Information supplied:

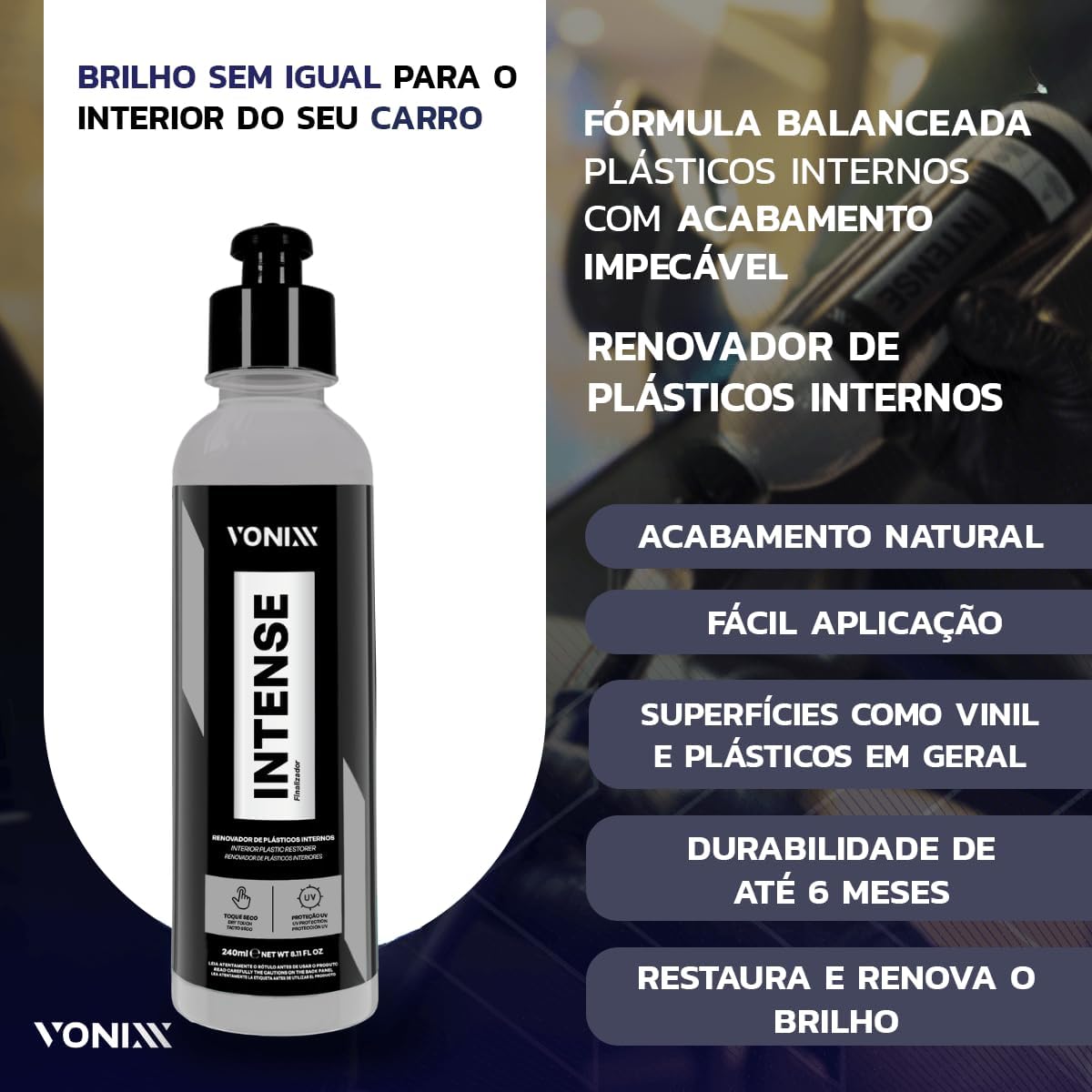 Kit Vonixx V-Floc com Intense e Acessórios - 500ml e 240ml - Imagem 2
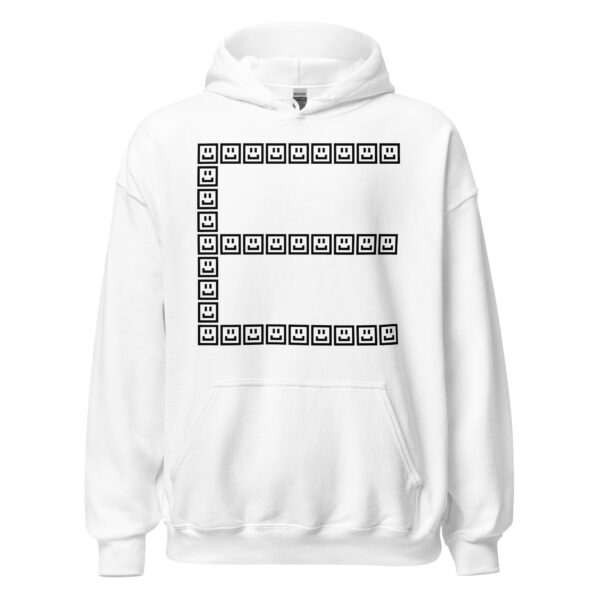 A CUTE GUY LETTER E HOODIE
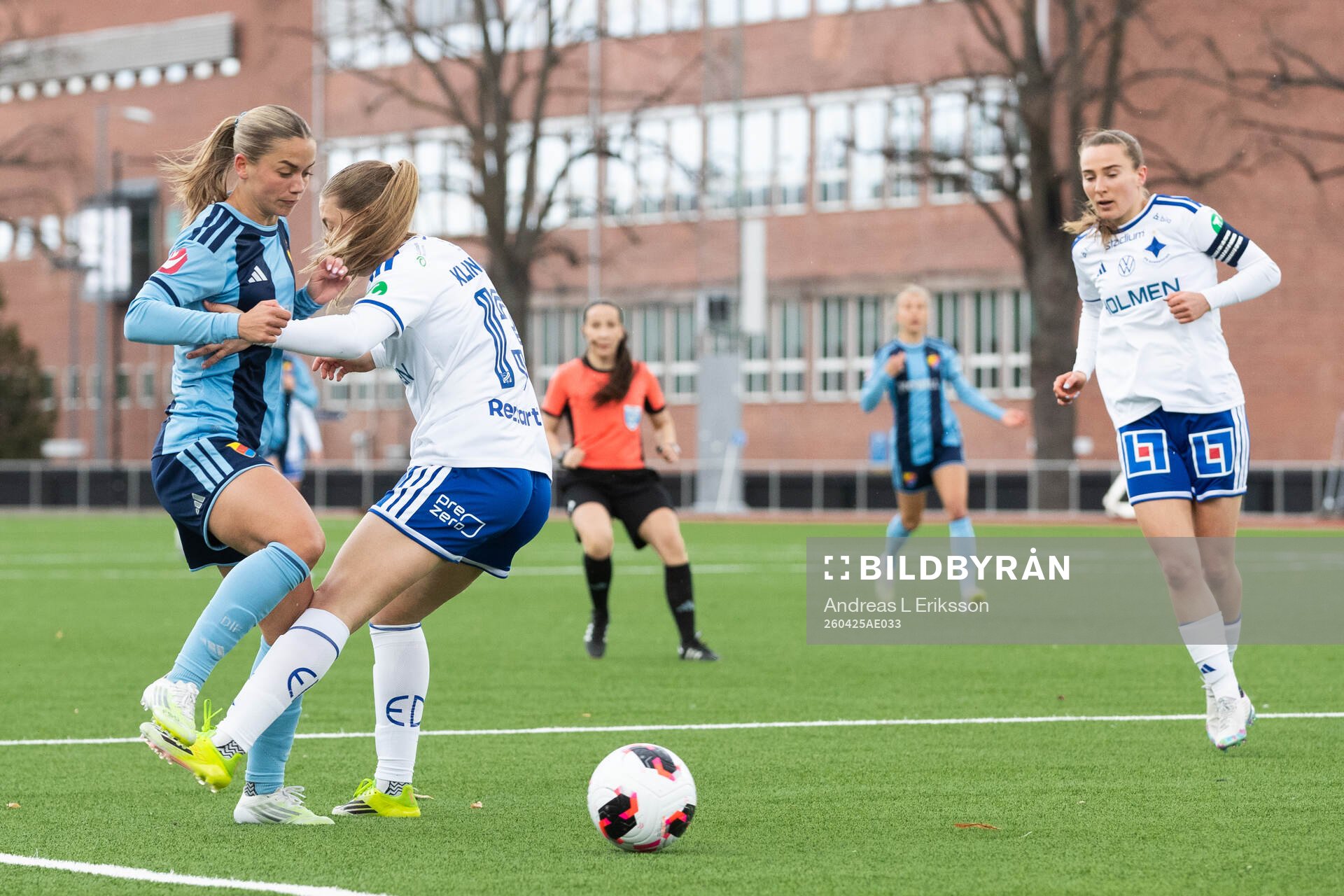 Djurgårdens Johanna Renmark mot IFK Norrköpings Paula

---

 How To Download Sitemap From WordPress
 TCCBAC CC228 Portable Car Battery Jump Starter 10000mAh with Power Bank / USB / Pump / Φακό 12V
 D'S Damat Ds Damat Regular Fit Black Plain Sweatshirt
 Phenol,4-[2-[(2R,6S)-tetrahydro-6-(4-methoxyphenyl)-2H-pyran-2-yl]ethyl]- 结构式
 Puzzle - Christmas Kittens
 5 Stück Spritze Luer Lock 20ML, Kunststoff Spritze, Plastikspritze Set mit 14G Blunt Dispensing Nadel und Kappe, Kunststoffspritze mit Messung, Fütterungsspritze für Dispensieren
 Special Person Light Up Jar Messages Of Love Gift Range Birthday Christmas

Your instructions: With the line holding "Phenol,4-[2-[(2R,6S)" as the first and the line holding "Special Person Light" as the last, set down that range of the entries above exactly, and nothing else.

Answer below:
 Phenol,4-[2-[(2R,6S)-tetrahydro-6-(4-methoxyphenyl)-2H-pyran-2-yl]ethyl]- 结构式
 Puzzle - Christmas Kittens
 5 Stück Spritze Luer Lock 20ML, Kunststoff Spritze, Plastikspritze Set mit 14G Blunt Dispensing Nadel und Kappe, Kunststoffspritze mit Messung, Fütterungsspritze für Dispensieren
 Special Person Light Up Jar Messages Of Love Gift Range Birthday Christmas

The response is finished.